The only trouble is - this wall isn't in an art gallery. Most regrettably, it's in our basement. And it's leaking wet New Jersey rain, once again. Yes, the contractors have Plans to Do Things outside to stop the leaks. That being said, they won't be the first, or even the second, contractors with ambitions in that direction, though their ambitions are, shall we say, way more ambitious, and involve removing concrete, a lot of ground, and a large tree. But - illuminated by, yes! - flash, this wall doesn't look at all promising.
Monday, April 26, 2010
One of the things that I loved about the Wangechi Mutu exhibition in Toronto was the Wounded Wall - one long wall of the exhibition where the surface had been damaged - attacked with a hammer, and holes made in it that she's then painted red, as though the wall itself was bleeding.

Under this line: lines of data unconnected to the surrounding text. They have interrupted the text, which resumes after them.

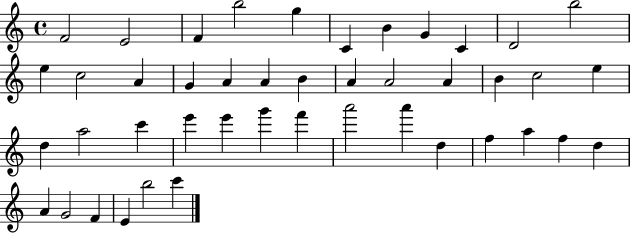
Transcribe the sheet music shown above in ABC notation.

X:1
T:Untitled
M:4/4
L:1/4
K:C
F2 E2 F b2 g C B G C D2 b2 e c2 A G A A B A A2 A B c2 e d a2 c' e' e' g' f' a'2 a' d f a f d A G2 F E b2 c'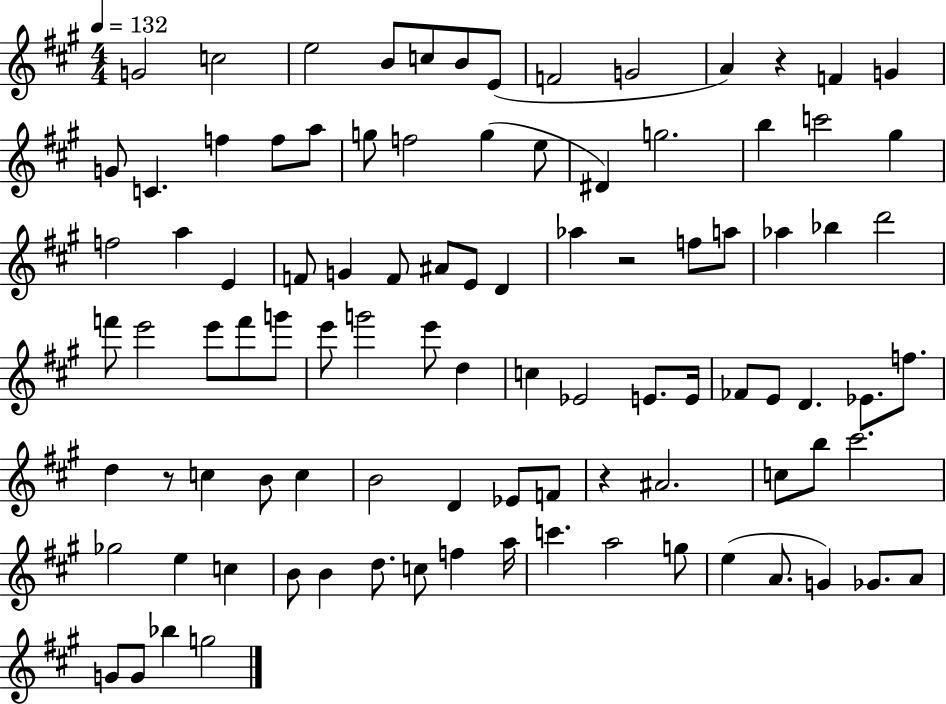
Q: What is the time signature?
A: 4/4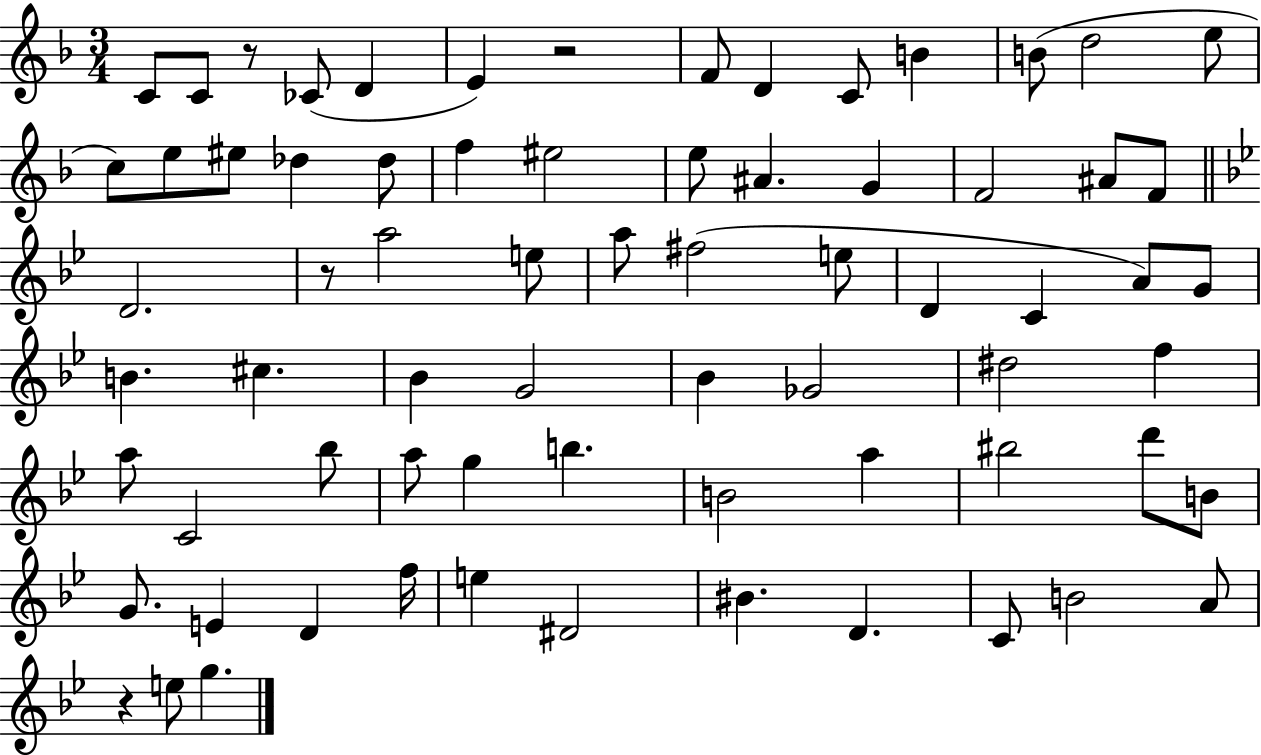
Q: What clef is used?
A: treble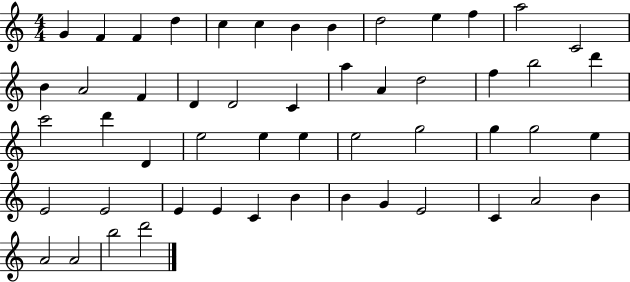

In the video describing her working methods that accompanied the exhibition, she explained how this attack on a wall was a way of shaking up the customary reverence and respect associated with a gallery. As she says, people who are used to art on display know how to "behave" in a gallery - shades of C19th anxieties about letting in the unwashed hordes. But rather than sharing in that C19th debate - either of dread that dirt and grubby breath will somehow pollute the pictures, or that, on the other hand, the working-class public should have the chance of seeing important art - Mutu actually reflects on what it's like to attend an exhibition if this is unfamiliar cultural territory. It's weird, she points out, to walk into a white cube, with lots of space, and other people present - and no one talking to you. And as she says, all these dead things staring back is a scary experience. So - attack a wall: demolish its pristine superiority.